General der Pioniere (en: General of the engineers) was a General of the branch rank of the German Army in Nazi Germany. Until the end of World War II in 1945, this particular general officer rank was on three-star level (OF-8), equivalent to a US Lieutenant general. The rank was introduced in 1938.
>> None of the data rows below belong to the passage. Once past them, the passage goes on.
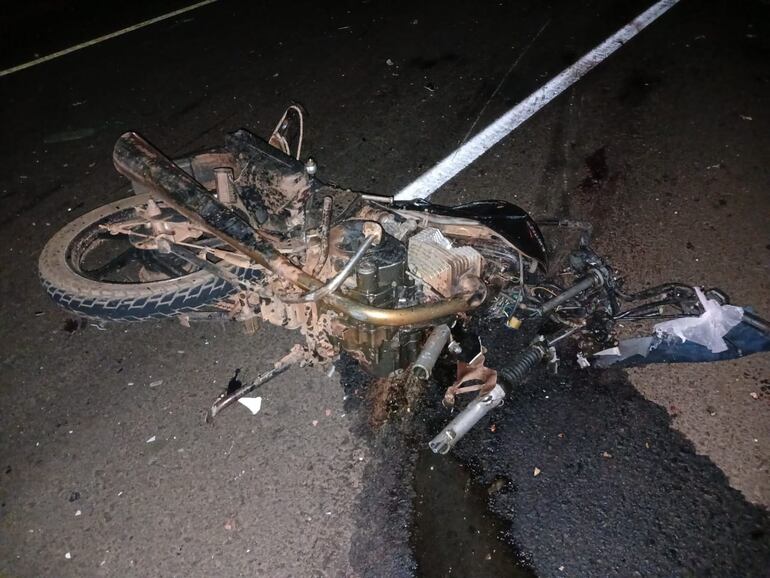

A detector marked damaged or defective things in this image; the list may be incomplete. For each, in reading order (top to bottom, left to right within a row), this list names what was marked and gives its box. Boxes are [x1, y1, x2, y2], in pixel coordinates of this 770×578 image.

damaged wheel [39, 192, 256, 320]
destroyed motorcycle [40, 107, 768, 450]
broken metal part [206, 342, 304, 418]
broken metal part [412, 324, 452, 378]
broken metal part [426, 382, 504, 454]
The  General of the branch  ranks of the Heer were in 1945:
 General of artillery
 General of mountain troops
 General of infantry
 General of cavalry
 General of the communications troops
 General of panzer troops (armoured troops)
 General der Pioniere  / General of the engineers
 General of the medical corps
 General of the veterinary corps

The rank was equivalent to the General of the branch ranks of the Deutsche Luftwaffe (en: German Air Force):
Luftwaffe
 General of parachute troops
 General of the anti-aircraft artillery
 General of the aviators
 General of air force communications troops
 General of the air force

Other services
The rank was also equivalent to the German three-star ranks:
 Admiral of the Kriegsmarine, equivalent to (US Vice admiral) and
 SS-Obergruppenführer und General der Waffen-SS in the Waffen-SS.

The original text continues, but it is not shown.